Task input Start Marker

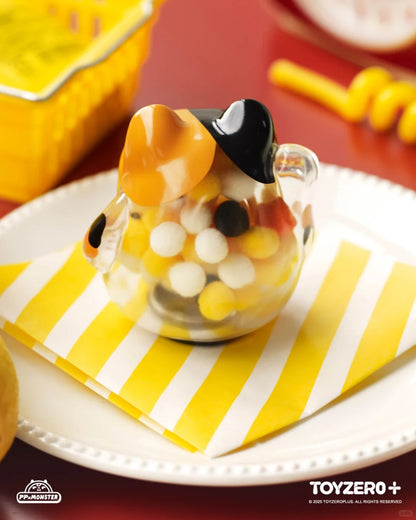 ToyZero+ | PPX Monster Sparkle Lucky Kitten Daruma Series Blind Box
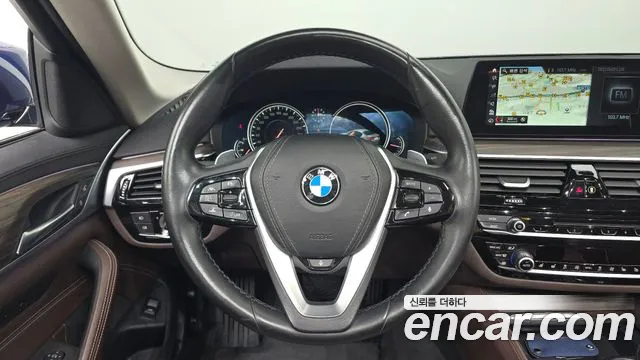 BMW 5-Series 2018 — фото 13
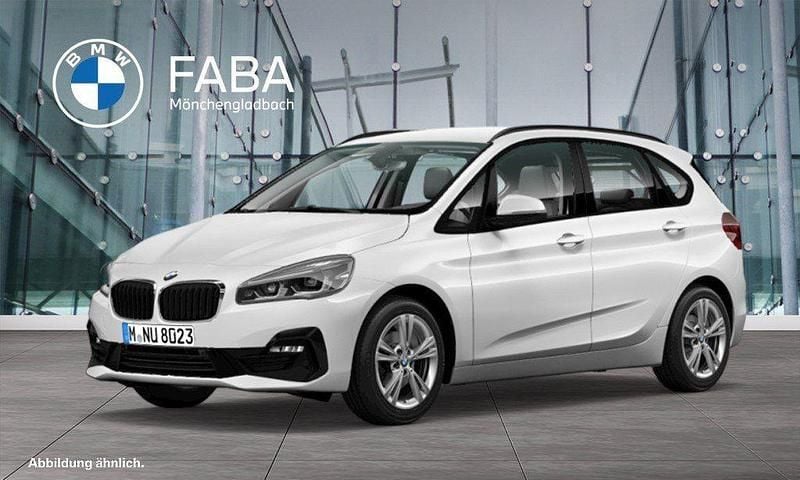 Weiß Gebraucht 2020 BMW 218 Active Tourer Advantage Van / Kleinbus | 18.790 € (Guter Preis) - Bild 1/4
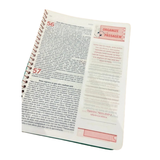 Bíblia de Estudo Interativa - KJC - Letra Normal - Capa Dura Espiral Amparo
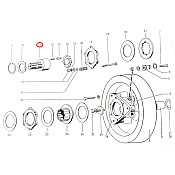 PTO συμπλεκτου AP71 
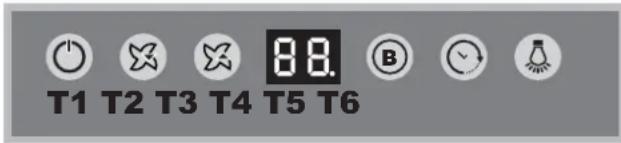 HOTPOINT-ARISTON HNC 9.8 ABI XHA - Modellen met Soft Button bedieningsknoppen + Display - 1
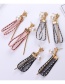 Fashion Pink Butterfly Shape Decorated Earrings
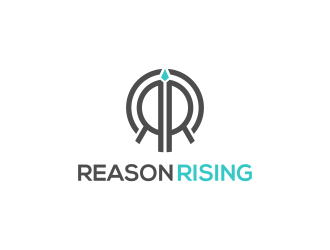 REASON RISING logo design by senandung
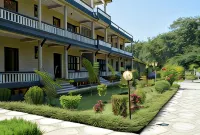 Chitwan Village Resort - Parvekkeita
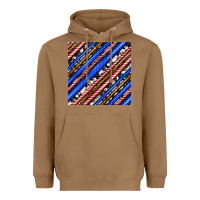 Toasted Coconut western america seamless pattern Heavyweight Hoodie - BundleAndBundleShop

Task input End Marker

Problem description: Restate each line of the records exactly; pictures do not belong in the copy.

Solution below:
 ToyZero+ | PPX Monster Sparkle Lucky Kitten Daruma Series Blind Box
 BMW 5-Series 2018 — фото 13
 Weiß Gebraucht 2020 BMW 218 Active Tourer Advantage Van / Kleinbus | 18.790 € (Guter Preis) - Bild 1/4
 Bíblia de Estudo Interativa - KJC - Letra Normal - Capa Dura Espiral Amparo
 PTO συμπλεκτου AP71 
 HOTPOINT-ARISTON HNC 9.8 ABI XHA - Modellen met Soft Button bedieningsknoppen + Display - 1
 Fashion Pink Butterfly Shape Decorated Earrings
 REASON RISING logo design by senandung
 Chitwan Village Resort - Parvekkeita
 Toasted Coconut western america seamless pattern Heavyweight Hoodie - BundleAndBundleShop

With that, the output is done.